June 2001 – Shannon Rowbury winning the State Meet 800.
Shannon and I shared a lot of great moments when she was in high school (Arcadia 800 win, Outdoor Nationals win, State Champion in the 1600) but her first State Championship stands out in my mind as special above the others.
April 2002 – The Varsity Boys beating Mitty in a dual meet.
It had been at least ten years since SHCP’s Varsity Boys had won a dual meet. We targeted April 17, 2002 as our chance to end the streak. It was a back and forth battle and it all came down to our victory in the 4X400 Relay.
The dream of getting the boy’s team to State Meet started two years earlier. It was a tight battle between six schools for the four qualifying spots. Our theme was “Be a hero and let’s get to that big dance in Fresno.”
A week before the race I announced that I would run 7:20 pace for the first seven miles of the race to help people hit their goal of a 1:36 half marathon. I had a good-sized group of runners and I was really proud when everyone came in at or under their goal time. It was during this run, from mile four to six, that Sara Saba and I discussed how to go about fielding a Pamakid women’s cross country team in the near future. Less than three short years later, the Pamakids cross country team grew to include men and women, open and masters.
May 2007/May 2009 – Coaching the whole kid, not just the athlete.

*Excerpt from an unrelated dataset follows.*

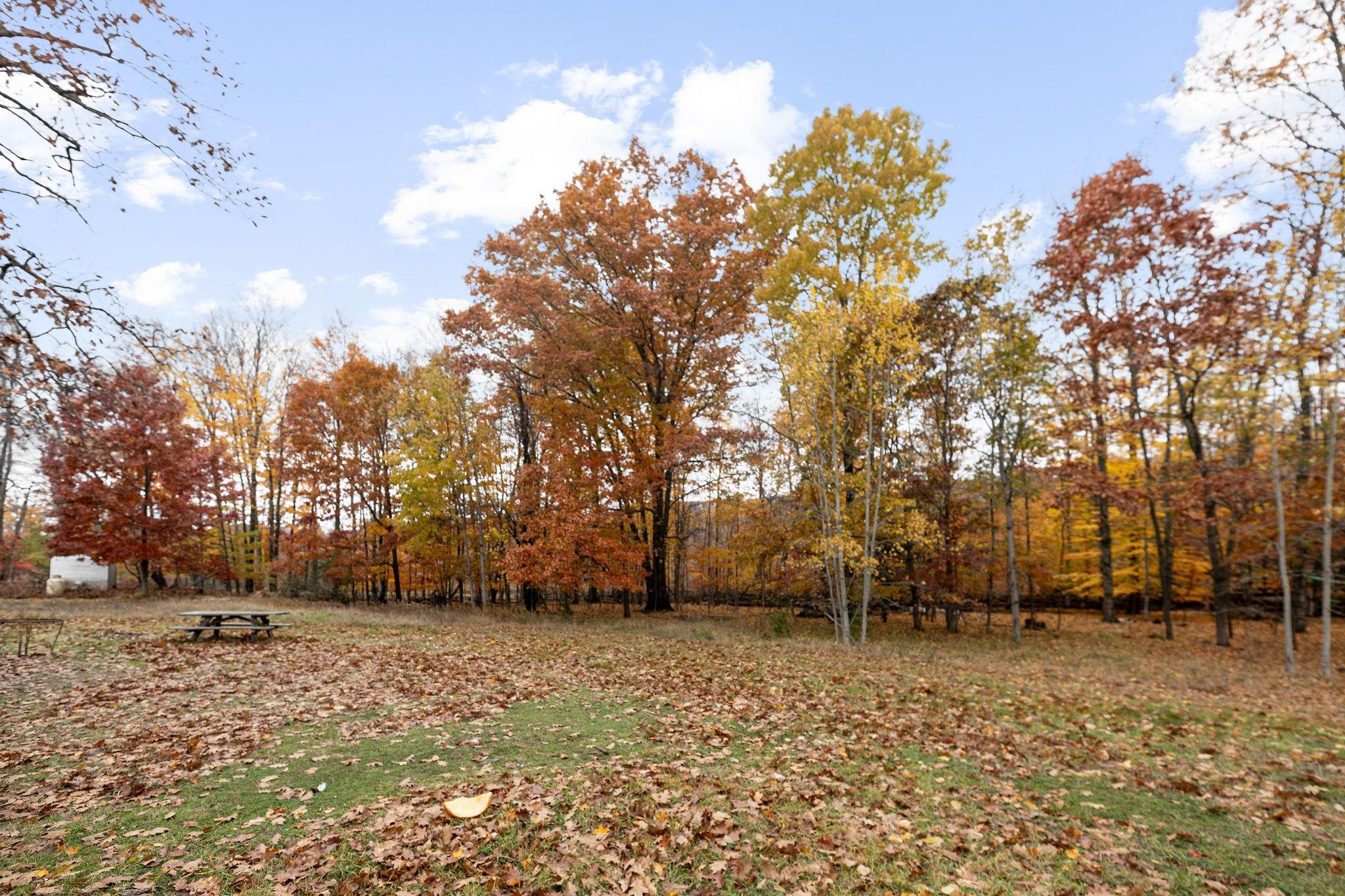 main property photo 91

A high school coach is tasked with more than making someone successful in sport. I am proud to have played a role in the development of two special people: James Mabrey (2007) and Tammia Hubbard (2009). Both of these individuals came to SHCP thinking that they were basketball players. They faced numerous challenges but through our hard work they were successful in school and ended their high school careers as league champions.
I was coaching Michelle in her first year after finishing college. After she ran a fast time at the San Jose Rock ‘n Roll half marathon, her goal changed from just running a marathon to going for a sub-2:47.
Everything happened fast from early-May to early-July. Shannon was home in San Francisco training for the Olympic Trials and I volunteered to help her in any way that I could. For the most part that meant meeting her at the track to help her do Coach John Cook’s workouts and talking to her about anything and everything. There was a bit of a media blitz as Shannon went from chasing the “A” standard to being the favorite to win. It was all a brand new experience for me – especially the priceless moment: watching the kids you coached in high school make the Olympics!
December 2009 – Seeing Pamakids succeed at CIM.
It was a wildly successful day for the Pamakids at CIM – all three relay teams placed second in their division (thanks in part to the now famous meet sheet). In addition there were numerous PR’s among the thirteen Pamakid marathoners and all four people that I was coaching achieved their goal of a Boston qualifier.